Lendária estrela de Hollywood, Evelyn Hugo sempre esteve sob os holofotes, seja estrelando uma produção vencedora do Oscar, protagonizando algum escândalo ou aparecendo com um novo marido… pela sétima vez. Agora, prestes a completar oitenta anos e reclusa em seu apartamento no Upper East Side, a famigerada atriz decide contar a própria história ― ou sua “verdadeira história” ―, mas com uma condição: que Monique Grant, jornalista iniciante e até então desconhecida, seja a entrevistadora. Ao embarcar nessa misteriosa empreitada, a jovem repórter começa a se dar conta de que nada é por acaso ― e que suas trajetórias podem estar profunda e irreversivelmente conectadas.
OS SETE MARIDOS DE EVELYN HUGO, através das memórias da personagem principal, retorna à Hollywood da época de ouro, por volta da década de 1950, um tempo conhecido por seus filmes icônicos e estrelas brilhantes, em uma cidade envolta pelo glamour e esplendor superficial, mas submersa em intrigas, competições e preconceitos. Os estúdios mantinham uma estrutura rígida, onde atores e atrizes eram postos sob contratos de longo prazo e de exclusividade. Eles tinham um controle considerável sobre a carreira de suas estrelas, muitas vezes ditando os papéis que interpretariam, como seriam apresentados ao público e, em alguns casos, com quem deveriam se casar ou namorar para criar a imagem desejada.
A era foi marcada também pela censura. O Código Hays, implementado em 1930, impunha diretrizes morais rigorosas para o que poderia ser mostrado nos filmes, limitando a representação de sexualidade, violência, e temas tabus. Isso se estendia às vidas pessoais das estrelas de cinema. Elas eram frequentemente incentivados – ou forçados – a manter uma imagem pública idealizada, o que levou a muitos segredos, incluindo a ocultação de orientações sexuais. O preconceito estava profundamente enraizado na indústria cinematográfica e o racismo, sexismo e homofobia eram comuns. As mulheres eram frequentemente objetificadas e limitadas a papéis estereotipados, enquanto a representação de pessoas de cor e de pessoas LGBTQIA+ era quase inexistente ou negativa.

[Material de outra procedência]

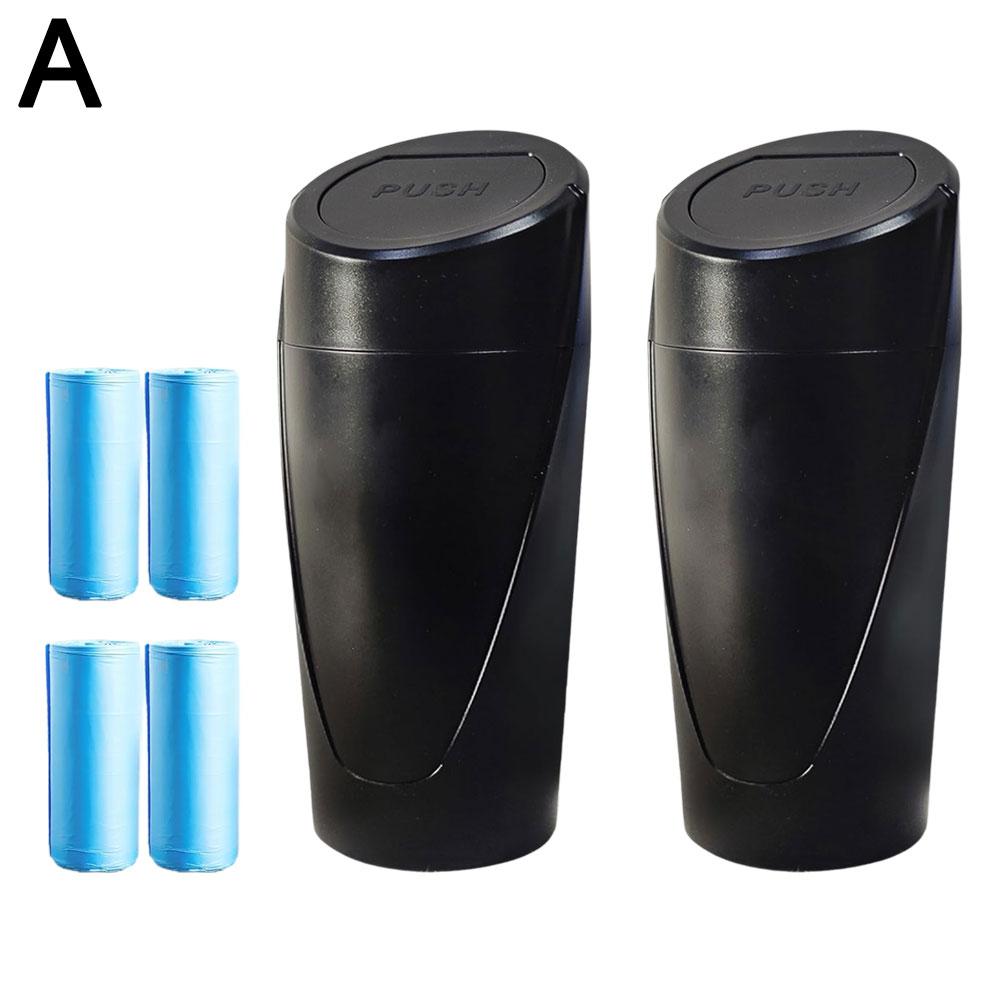 Poubelle d'intérieur de voiture étanche, petite taille, portable, porte-cendres, organise les accessoires de voiture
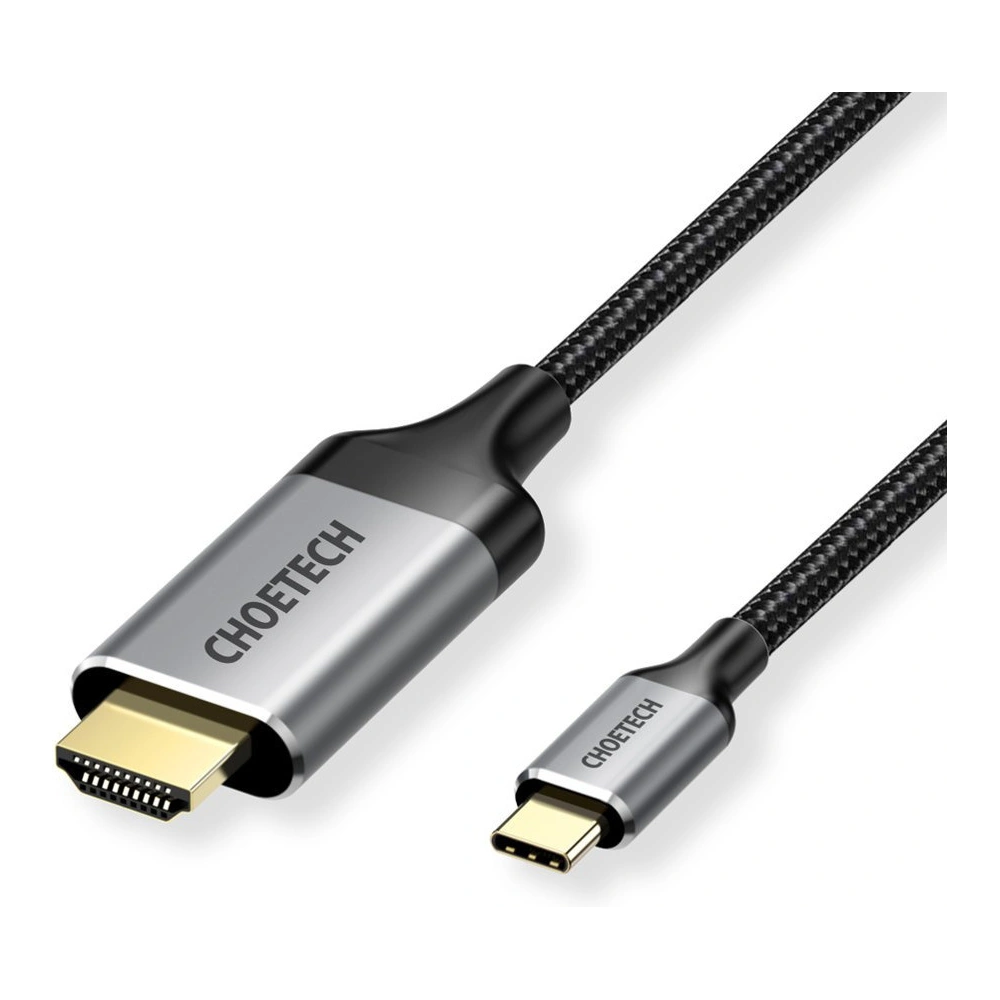 Kabel Choetech CH0021-BK USB-C/HDMI 4K 60Hz 2m czarny
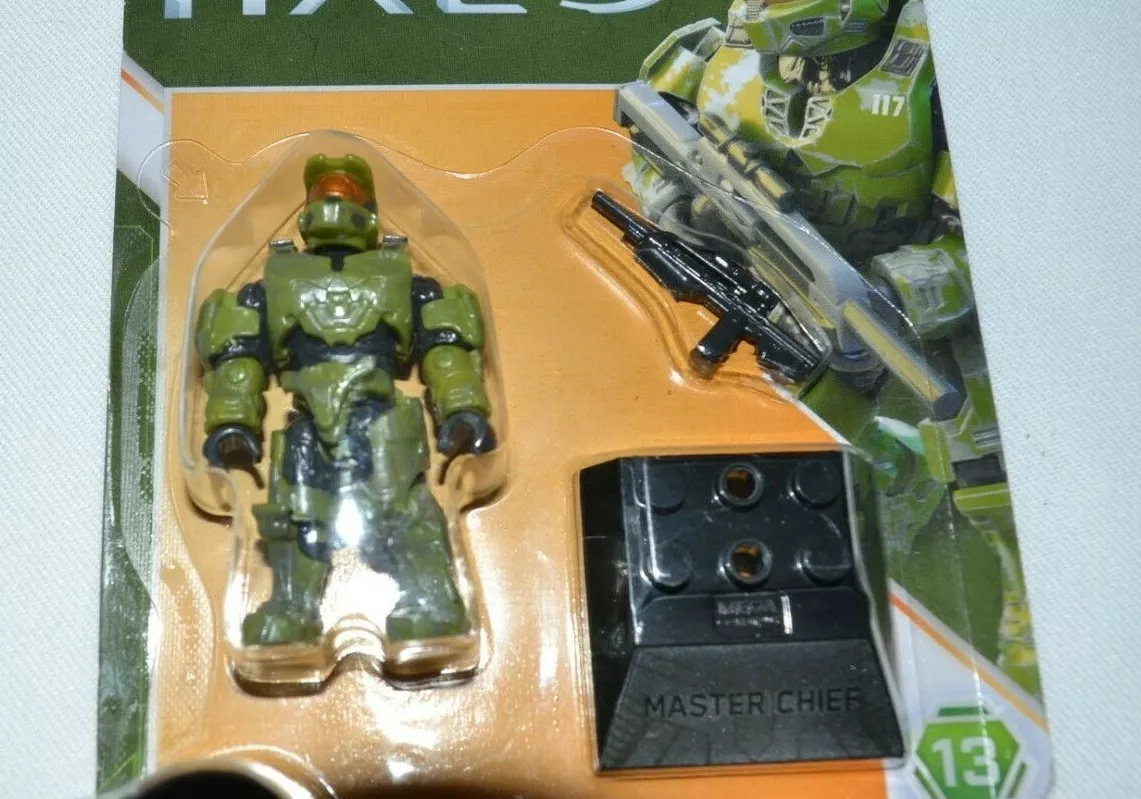 Mega Construx Halo Master Chief Infinite Series 13 Mini Figure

A personagem de Evelyn nasceu em Hell’s Kitchen, Nova Iorque, e era filha de imigrantes cubanos. Evelyn consegue se mudar para Hollywood, muda seu sobrenome de Herrera para Hugo, para se adequar às normas eurocêntricas da indústria cinematográfica, e se lança em uma carreira de atriz. Ela é indomável, talentosa e incrivelmente bonita, mas tem descendência latina. Nessa época, Hollywood era dominada por um ideal de beleza e talento muito específico, que favorecia principalmente os atores brancos de ascendência europeia.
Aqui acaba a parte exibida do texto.